The main problem has to do with the speed with which the tangentoidal function approaches its vertical asymptotes. It therefore might be a good idea to try to increase the period slightly while keeping all the other parameters the same as for Figure 6. Instead of a period of 5.40387, then, let’s try 5.5. The resulting sum of squares is 986,841.18, which is a considerable improvement over our previous tries. The corresponding function is shown in Figure 7 and we see that it now appears to be a very poor fit to almost all of the points, though it misses the two end points most especially. In large part, the problem is that the slope, 10, at the centerpoint appears to be much too small. If we try 100 instead, we get a much larger value for the sum of the squares (about 17,721,000), but the function seems to be a considerably better fit to the intermediate points (see Figure 8).
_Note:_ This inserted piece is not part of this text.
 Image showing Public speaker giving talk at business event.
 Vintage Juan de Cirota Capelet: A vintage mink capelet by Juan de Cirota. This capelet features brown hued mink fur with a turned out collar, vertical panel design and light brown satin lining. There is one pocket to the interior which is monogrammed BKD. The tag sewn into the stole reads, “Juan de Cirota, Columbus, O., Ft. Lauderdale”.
We leave it to the interested reader to continue the search to see how small a value can be obtained for the sum of the squares and how closely one can find a tangentoidal curve to fit the data. The two goals appear to be contradictory, though; reducing the sum of the squares comes at the cost of a poorer fit to most of the data points and a good fit to most of the points seems to miss the two extreme points quite badly, resulting in a very large value for the sum of the squares. However, this can lead to a very instructive and spirited class discussion, because a final determination is more of a judgment call than anything else. Moreover, we also note that the values obtained for the sum of the squares are extremely sensitive to slight changes in any of the four parameters.
We note that this kind of investigatory challenge of finding parameters to produce the best possible fit, both graphically and numerically in terms of the sum of the squares, is something that students really get excited about. The present author has found that, at one level, this becomes a highly competitive game as each student tries to get the best results, assuming that all have access to some kind of technology to produce the graphs and the calculations in the classroom. On another level, it provides repeated reinforcement for the meaning of the parameters – it is no longer a matter of memorizing (hopefully) a few words that have little meaning to them and which they all too often use interchangeably.
Moreover, it is also fairly easy to generate comparable sets of data to assign projects to individual students or small groups of students to perform similar analyses and subsequent investigations. Unfortunately, there seem to be few, if any, realistic situations in which real-world data fall into tangentoidal patterns, unlike the case with sinusoidal behavior. Consequently, this exploration is more in the nature of a mathematical exercise than a practical one.